Community Question Retrieval in Health Forums

Hamman Samuel1, Mi-Young Kim2, Sankalp Prabhakar3, Mohomed Shazan Mohomed Jabbar1, Osmar Zaiane1

  • 1University of Alberta
  • 2Alberta Machine Intelligence Institute
  • 3Dept. of Computing Science, University of Alberta

Details

14:30 - 14:40 | Thu 16 Feb | Salon 5 | ThB1.1

Session: Thu1.2: Health Informatics (Public/Lifestyle)

Abstract

Community Question Answering (CQA) has emerged as a popular type of service enabling users to ask and answer questions, and access the existing knowledge-base. CQA archives contain a lot of useful user-generated content and have been recognized as important information resources for the web. To improve accessibility to this body of knowledge in CQA archives, effective and efficient question retrieval is required. Question retrieval in a CQA archive aims to identify and retrieve existing questions that are relevant to new user questions. The objective of this study is to develop a question retrieval system that can sift through such forums and identify existing questions which are most similar to the user-provided question. We focus on health forums, and propose a CQA system using weighted TF-IDF, relevance heuristics, and term expansion.
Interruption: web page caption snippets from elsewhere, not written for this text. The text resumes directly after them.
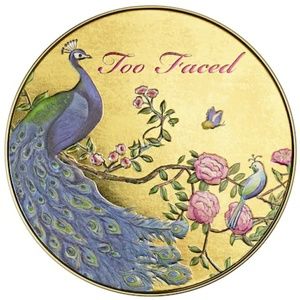 TOO FACED NATURAL LUST BRONZE SATIN BRONZER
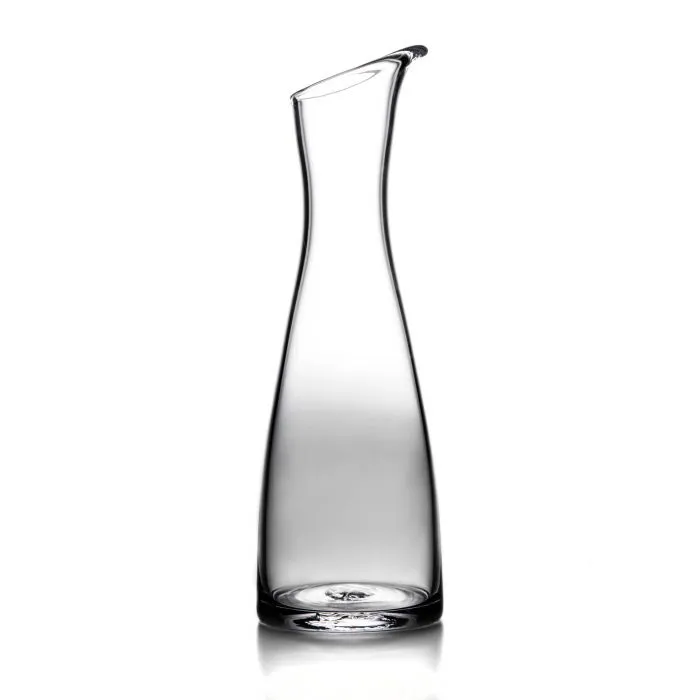 Barre Glass Carafe LG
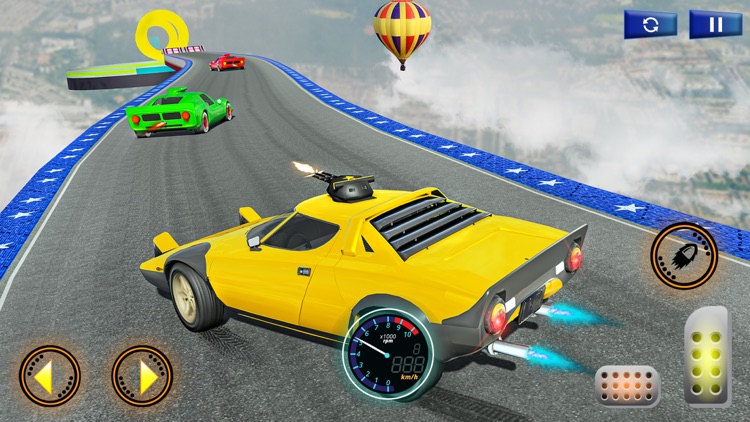 Crash Dismount Simulator Game screenshot-4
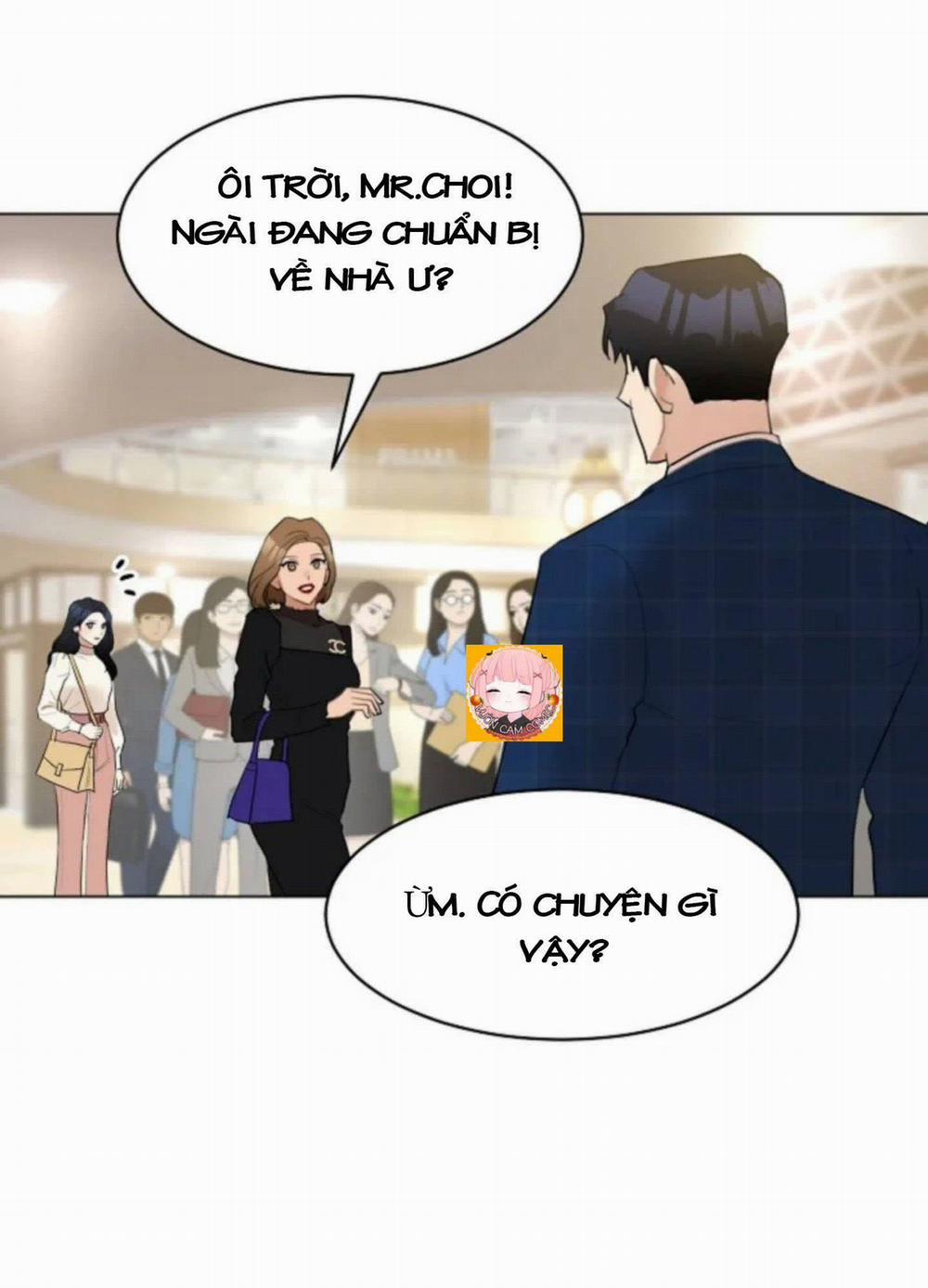 manhwax10.com - Truyện Manhwa Bà Xã Tôi Đã Trở Lại (My Wife Is Back) Chương 14 Trang 8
We compare our proposed algorithm against other well-known methods, and demonstrate that our method outperforms the Latent Dirichlet allocation (LDA) topic model, Latent Semantic Indexing (LSI), language model-based information retrieval, BM25, vector space, Word2Vec, and semantic similarity approaches. Our initial experiments use datasets from the IEEE Healthcare Data Analytics Challenge 2015, and we also present our efforts towards development of a Bronze Standard for question similarity evaluation using self-annotations and annotations provided by affiliates of Mayo Clinic.